Stock market operates in isolation  

Shamsul Huq Zahid   | Published: April 18, 2019 22:11:16

As always, market pundits are clueless about the latest plunge in the Dhaka Stock Exchange (DSE) indices.

The market has been in a free fall for the past few weeks notwithstanding behind-the-scene efforts by some market players to reverse the process.

On Tuesday last, the market turnover at the DSE plummeted to 13-month low with the DSE main index plunging to 5,248.91 points.

One can cite a host of reasons including paucity of quality stocks, lack of investors' confidence, shortage of liquidity for the erosion in stock prices.

But with these factors in place, the main index had soared to more than 5,800 points. The rise did happen even without any notable investment by the banking institutions.

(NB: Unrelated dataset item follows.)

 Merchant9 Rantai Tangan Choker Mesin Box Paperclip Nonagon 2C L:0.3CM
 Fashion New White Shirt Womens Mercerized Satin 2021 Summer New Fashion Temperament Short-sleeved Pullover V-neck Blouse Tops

In fact, rise and fall of stock prices in Bangladesh market, in most cases, have been without any plausible reason.

For instance, when a consortium of two major Chinese stock exchanges made an equity investment in the DSE, there was a sort of euphoria among a section of investors. Though the Chinese investment provided a boost to the overall market climate, it could not address the underlying issues that have been responsible for the current moribund state of the market. The plain truth is that Chinese investment came as a strategic move, made under a long-term perspective, not to buoy up the market.

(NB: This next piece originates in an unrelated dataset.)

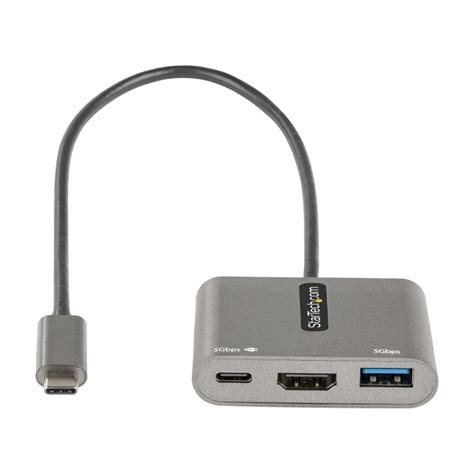 ADAPTADOR STARTECH MULTIPUERTOS USB C USB TIPO C A HDMI VIDEO DE 4K PD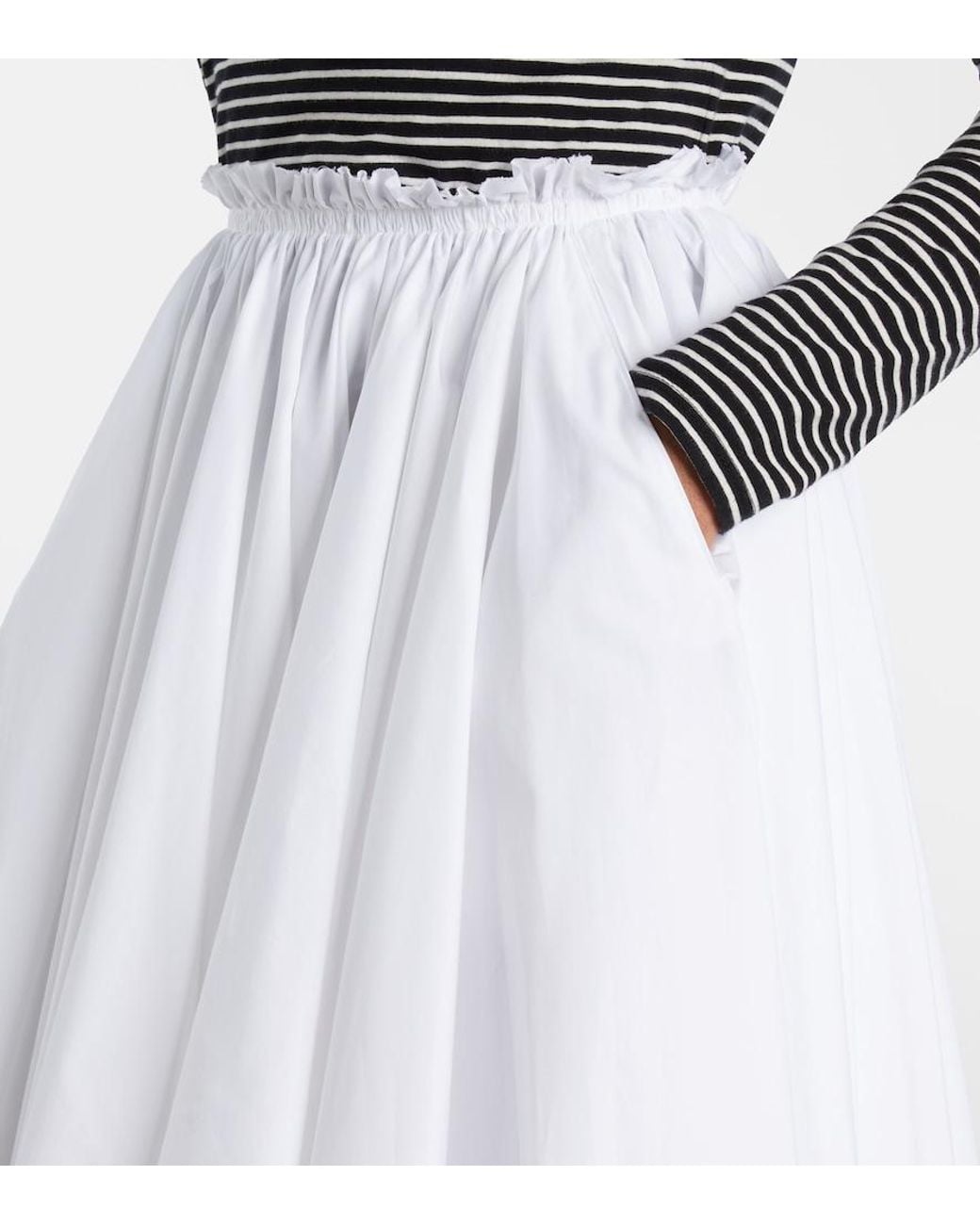 AMI White Corolla Gathered Cotton Midi Skirt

Why did the market experience a free fall in recent weeks?

Under the prevailing circumstances, market should not have gone down so deep. It could be that some people guided by certain ill motives are pulling the market down, deliberately.  

It is more likely that some manipulators are now at work. The so-called firewall built by the securities regulator is hardly effective against the mischief-mongers prowling the market.

But the manipulators are unlikely to be successful in their ploy, for market lacks enough liquidity.

It is a shame that the daily turnover of the prime bourse of the world's 42nd largest economy, in nominal terms, is less than Tk 3.0 billion.  The figure should be many times more.

How would then the market get the required volume of liquidity? 

Small investors who burnt their fingers in the 2010 scam are unlikely to come to the market unless they witness some sustainable buoyancy. So, the institutional investors hold the key to any market turnaround. 

The state investment institute---the Investment Corporation of Bangladesh (ICB)--- is dependent on the funds  made available by the government. The amount it invests in the market is very insignificant compared to the market requirement.

Banks are, thus, major players in terms of availability of liquidity. But, at the moment, they themselves are handicapped by liquidity shortage.

Besides, they appear to be quite cautious in the matters of making investment in the stock market. Though, for some, investment in stocks proved to be highly rewarding, a few banks had faced problem to get back their invested funds following the 2010 market collapse.

So, the country's stock market is likely to hold on to the current 'on- again, off-again' state for some more time. All the good news about the economy is unlikely to make any notable difference in its operations.